Consequently, we find that, whether the payment is to SRA, or directly to the Licensee, such indirect payment is part of the total payment made by the buyer to or for the benefit of the seller, and is therefore part of the price actually paid or payable for the imported merchandise. Similar decisions were made in HRLs 545071, dated June 28, 1995, 545321, dated June 30, 1995 and 545418, dated June 30, 1995. In those rulings, the importer had purchased merchandise from a related seller, and was reimbursing a parent company related to both the importer and the seller for license fees which the parent company paid to a licensor. Customs determined that the payments were part of the total payment made by the buyer to or for the benefit of the seller, or dutiable royalties under TAA §402(b)(1)(D). In HRL 544978, dated April 27, 1995 we ruled that a payment related to the imported merchandise made by the importer to its related seller, although called a royalty, was part of the price actually paid or payable for the imported merchandise. In HRL 545380, dated March 30, 1995, we found that a license fee paid by an importer to its related seller was part of the "total payment for the imported merchandise" within the meaning of §402(b)(4)(A) of the TAA.

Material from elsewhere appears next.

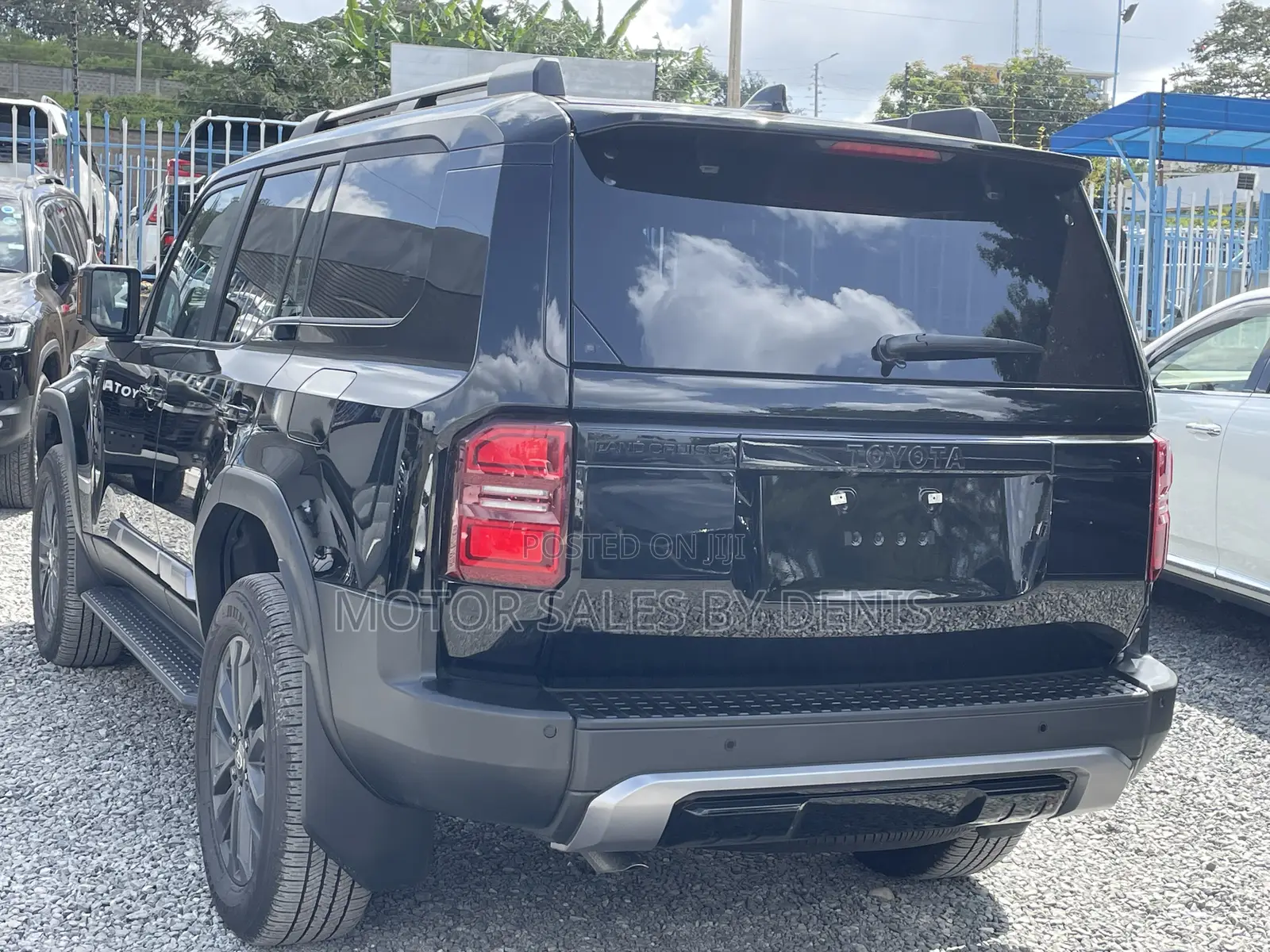 Toyota Land Cruiser Prado 2.8 2024 Black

Having concluded that the license fees at issue are part of the price actually paid or payable for the imported merchandise, we do not address whether they could alternatively be considered royalties or proceeds under TAA §402(b)(1)(D) and (E). The subject entries should be liquidated based on a transaction value which includes the license fee payments made by the importer to Pagoda or Kid Nation, whether directly or through SRA.

HOLDING:

1. The subject commissions paid by the importer to SRA are not to be included in the transaction value of the imported merchandise, consistent with the letters issued previously.

2. The license fees paid by the importer to Pagoda, Kid Nation and SRA are included in the transaction value of the imported merchandise under TAA §402(b).

The Office of Regulations and Rulings will take steps to make this decision available to Customs personnel via the Customs Rulings Module in ACS and the public via the Diskette Subscription Service, Freedom of Information Act and other public access channels 60 days from the date of this decision.